Fairfield University
| December 2014 | Fairfield University News Channel

New Center for Ignatian Spirituality Launched at Fairfield

Over 200 invited guests were on hand at the Kelley Theatre on Nov. 23 as Fairfield University launched a new center —The Center for Ignatian Spirituality of Fairfield University.

The mission of the center is to train spiritual directors and supervisors in the Jesuit tradition, to serve the campus community and the diocese of Bridgeport. It will become the home of a program for the development of spiritual directors that Fairfield currently sponsors in North Carolina.

Joining University President Jeffrey P. von Arx, S.J., in announcing the launch of the center were the Most Rev. Frank J. Caggiano, Bishop of the Diocese of Bridgeport; the Rev. John Cecero, S.J., the Jesuit Provincial of the newly formed Northeast Province of the Society of Jesus; the Rev. Paul Holland, S.J., Rector of the Fairfield Jesuit Community, and the Rev. James Bowler, S.J., Director of Ignatian Spirituality Programs at the University. Also on stage during the ceremony were Christopher Lowney, author of "Heroic Leadership," who spoke to the gathering about the tradition of Jesuit leadership, Dr. Donna Andrade, Academic Dean of Fairfield College Preparatory School, and Rev. Mr. Patrick Toole, Deacon of St. Thomas Aquinas Parish in Fairfield, and the chair of the Advisory Board for the new center.

In his remarks to the audience, Fr. von Arx emphasized that the launch of the center was very much in step with a larger movement within the Society of Jesus — the recognition that the future of the Ignatian charism will rely increasingly on lay companions.

"I would suggest that the foundation of this Center for Ignatian Spirituality is a truly inspired recreation of our institution here in Fairfield County, dedicated to meet the needs of today’s world, and to do so with our lay collaborators with an unparalleled mutuality of trust and dedication to mission," Fr. von Arx said. "It is worth being reminded that Ignatius himself was a layperson through the deepest period of his conversion and in the earliest stages of his ministry. Indeed, one could make the argument that under the circumstances of his period, becoming a religious for Ignatius was more a matter of practical than spiritual necessity.

"Be that as it may, Ignatius’ experience as we know was one of a profound one-on-one relationship with God. He came to believe that God was in fact educating him, personally, “from above,” leading him purposefully step-by-step, from the life of a soldier, to that of a pilgrim, a student, a missionary, an administrator, and on and on throughout his life. It was this experience of God’s immediate guiding presence in the life of each one of us that Ignatius wanted everyone to appreciate — he believed it was true for everyone, and that through a guided spiritual direction — everyone could be brought to this appreciation, and through this, to a deeper discernment of what each one of us is called to do in our lives. It is this rich, indeed critical, experience that is the essence of the Spiritual Exercises, and it is this experience that is the overarching, animating principle of Jesuit education.
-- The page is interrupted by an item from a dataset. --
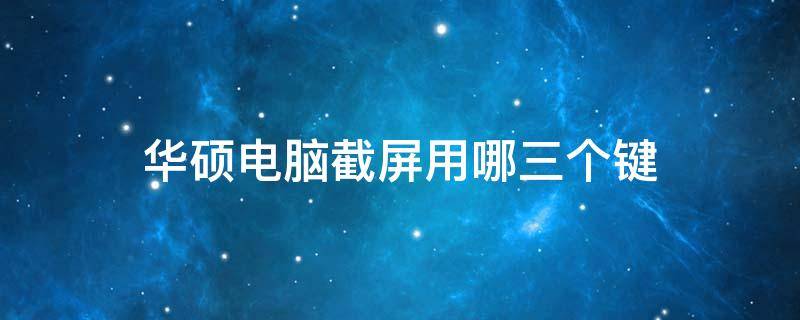 华硕电脑截屏用哪三个键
"With this new center for Ignatian Spirituality, it is our hope that this Ignatian spiritual tradition will continue to thrive and indeed to grow.  If history is any guide, we can be confident that this will be so. If we are going to succeed however, we will need the support and the encouragement of our community — just as we were supported and encouraged by the families of Fairfield County when we founded Fairfield University in 1942."

Bishop Caggiano in his remarks said that he was "absolutely delighted" and grateful for the "great graces that will come from this center." He noted that a recent diocesan synod showed that there was a great need in the diocese for spiritual direction. He said that all of us have a "deep, abiding hunger" for God, and that we are all looking for a spiritual path — and to be part of a community that expressed a higher unity of purpose. "I can foreseee this center will help feed your hunger and mine to see the face of God, to discern the path we must walk, and do it together as brothers and sisters."
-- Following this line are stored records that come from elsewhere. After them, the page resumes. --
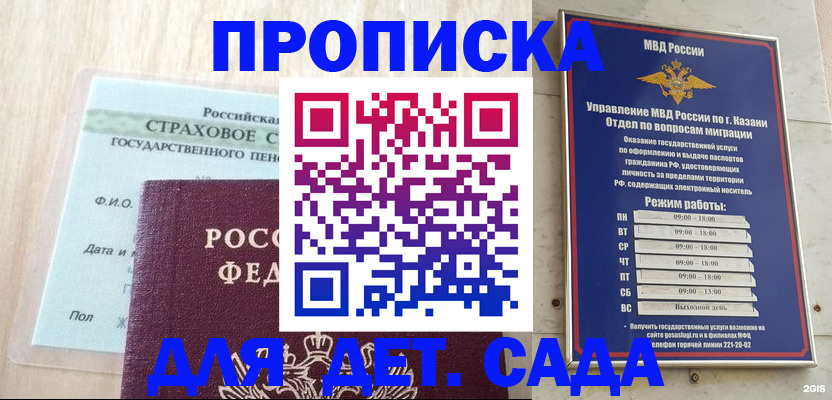 временная прописка в Глазове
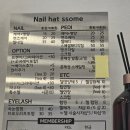 네일해썸 - 종로구 | 네일해썸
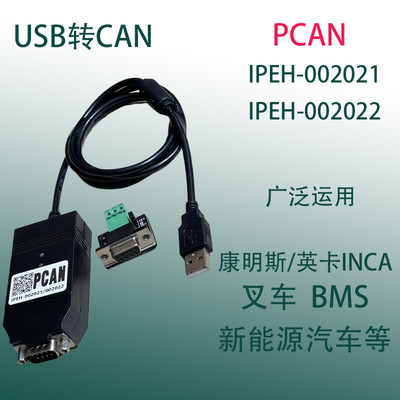 PCAN 兼容PEAK IPEH-002021/22 支持INCA 康明斯 USBCAN 兼容ZLG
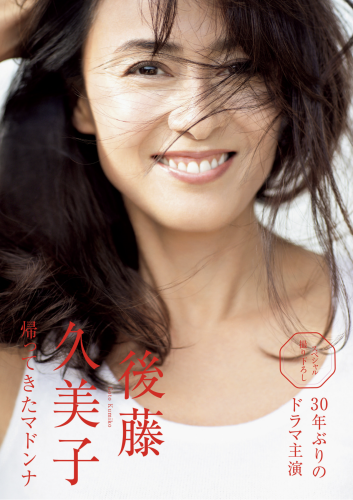 週刊現代 2023.12.23 後藤久美子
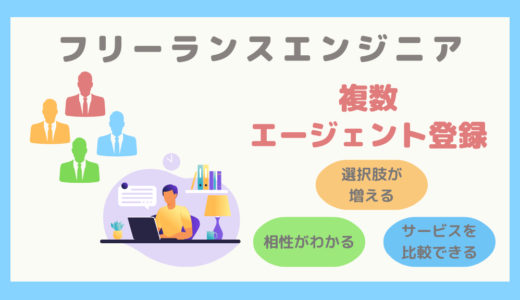 【フリーランスエンジニア】複数のエージェントに登録するメリット・デメリットまとめ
The stated mission of the Center for Ignatian Spirituality of Fairfield University is to keep the Ignatian charism alive, both at the University and the College Preparatory School, as well as offering this to the local Christian community of Fairfield County. Its goals are: To establish a lasting infrastructure to serve as a repository and holder of the Jesuit values foundational to the culture of the Fairfield University Corporation; to create a symbol that personifies the commitment of the corporation to these Ignatian values; to promote vibrant and attractive expressions of Ignatian spirituality at an individual, group, and the larger community levels, both on campus and for the Diocese of Bridgeport.

Among the programs that the center will offer are a one-week directed retreat, a 10-week directed Ignatian prayer experience, and the full Spiritual Exercises of St. Ignatius — approximately a five month program of daily prayer and spiritual direction. The center will also train spiritual directors and supervisors, as well as offer communal spiritual experiences for parishes and other groups.

During the program the Fairfield University Chamber Singers performed "The Prayer of St. Ignatius" from Salutations to the Dawn, by Randol Alan Bass. The singers perform under the direction of Carole Ann Maxwell, conductor.